9/Etienne Daho : le premier jour (Virgin)
La chanson qui a ouvert notre bal de mariage. Le premier jour (du reste de ta vie) est le titre qui résume le mieux le thème de ce soir. Ingrid a 40 ans ce jour. Nous fêtons nos 20 ans de vie commune et nos enfants fêtent leur 15moins2. Aujourd’hui est « le premier jour », c’ est juste une question de point de vue… Merci pour votre amitié.
Prolongements
Comme chaque fois, je vous propose de prolonger l’écoute par une petite activité culturelle. Il y a à quelques kilomètres d’ici, dans la cour de l’abbaye de Stavelot, une galerie d’art qui est, paraît-il, très belle. La galerie Triangle Bleu accueille pour le moment une exposition du peintre James Brown. The Planets Connected (titre de l’expo qui récolte trois étoiles dans l’article du MAD) donnent à voir « des myriades de points reliés au crayon ». James Brown, né en 1951 à Los Angeles, vit et travaille à Oaxaca au Mexique.
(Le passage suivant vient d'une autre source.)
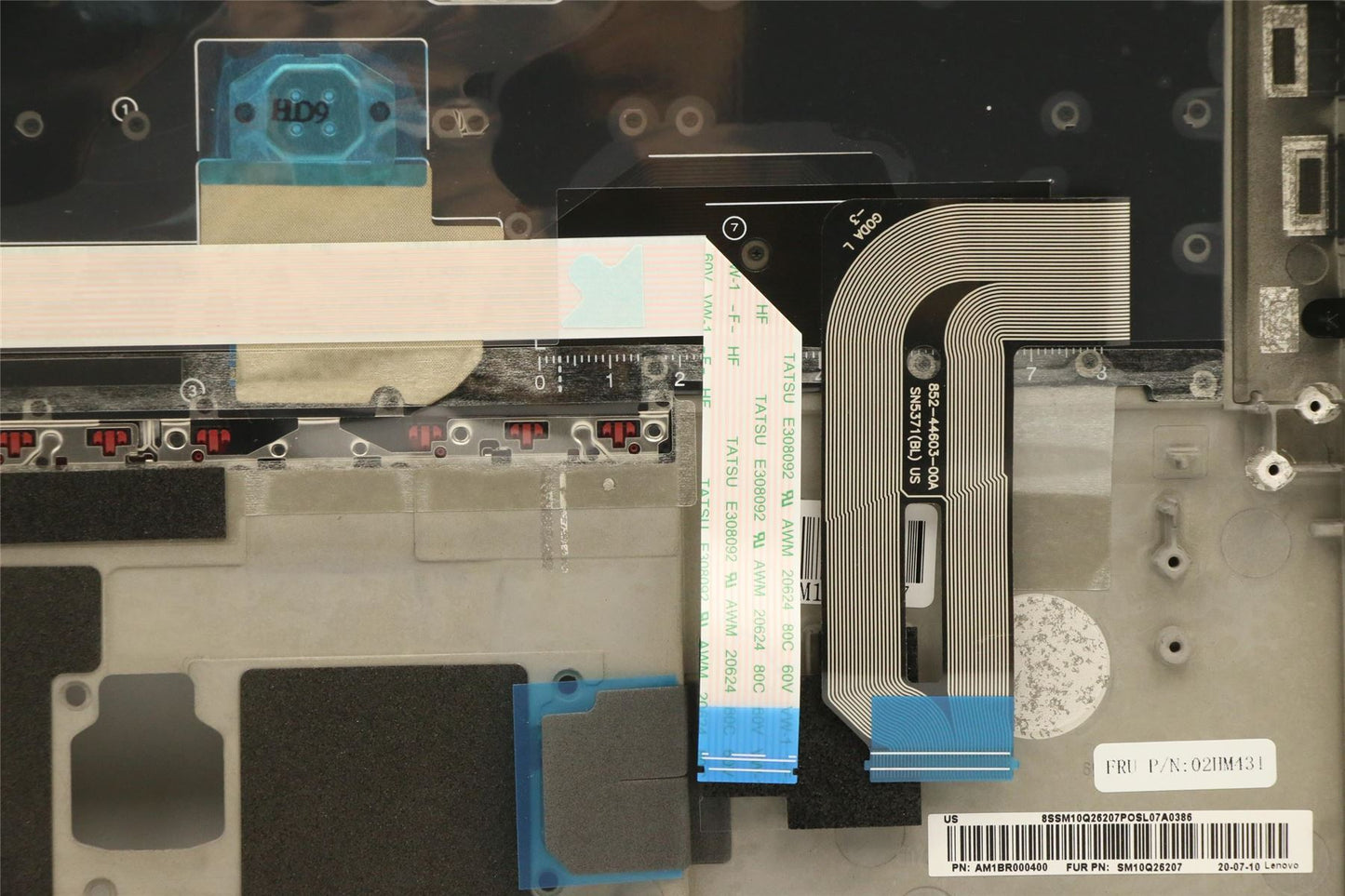 Lenovo MECH_ASM Ccov,HBW,NBLKBD,FPR,BK,LTN 02HM431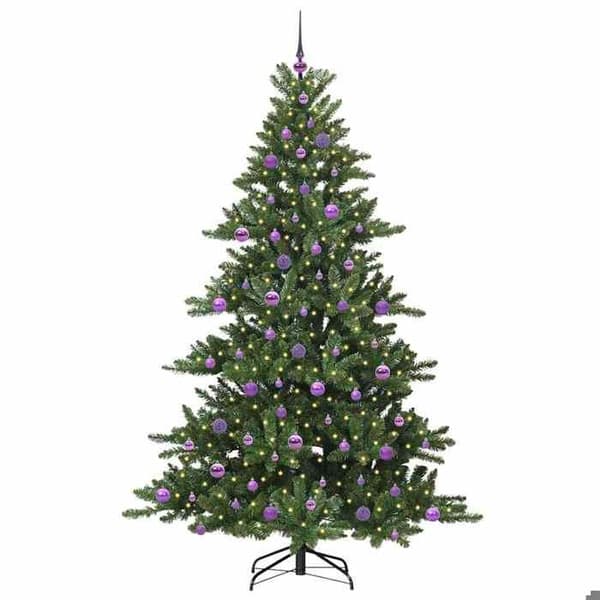 Maison Exclusive - Kunstig Juletræ med Ledningsgrene Grøn 210 cm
Nous pourrons voir neuf peintures de grand format (210x340) qui inscrivent ce peintre dans la mouvance de Cy Twombly ou de Basquiat.
En plus ce travail prolonge habilement la chambre d’écoute car, dans l’interview du MAD, le peintre affirme que l’ « inspiration m’amène dans un travail obsessionnel, une réflexion sur le temps, une préparation à la méditation… »
Chambres d’écoute à venir
#10 DJ Culture : 5X10 (cinq DJ passent les dix morceaux qu’ils préfèrent pour danser). Toujours retardée mais elle arrive…(Hors-série)
#19 Masculin/féminin : gender studies : musique et identité sexuelle (série para//èle).
#17 Noise Vs. Silence : une double chambre d’écoute (avec tirage au sort pour savoir si on commence avec le bruit ou le silence) (série Versus)
#18 H2O les qualités sonores de l’or bleu (série les 4 éléments). Avec un bar à eaux minérales comme au Japon.
#16 Musique et politique (série Para//èle). Avec des politique en vue des élections régionales et européennes de juin. C’est la prochaine : elle aura lieu le mercredi 17 juin à Congrès (les détails suivront).
Ethique et statistiques
Les chambres d’écoute sont réalisées 100 % sans téléchargements illégaux. La majorité des musiques de ce soir sont achetées ou louées à la médiathèque. Les chambres d’écoute ne génèrent aucun profit et sont très chronophages pour les organisateurs. La TECC (la taxe pour l’écoute collective et contextuelle) sert à financer les divers petits frais.
En 2008, j’ai consigné scrupuleusement tous mes achats et locations de CD dans un petit carnet Moleskine : J’aurai dépensé 661,09 euros en musique (sans compter les CD offerts, une manière de manipuler les statistiques). Par mois, cela donne 55,09 euros. Par jour, 1,81 euros.
Mon engagement pour 2009 est de réduire ces dépenses à 1 euro par jour tout en maintenant la « qualité » des chambres d’écoute. Freiner la consommation et revisiter sa discothèque… Bonne année.
NB : le carnet Moleskine est consultable…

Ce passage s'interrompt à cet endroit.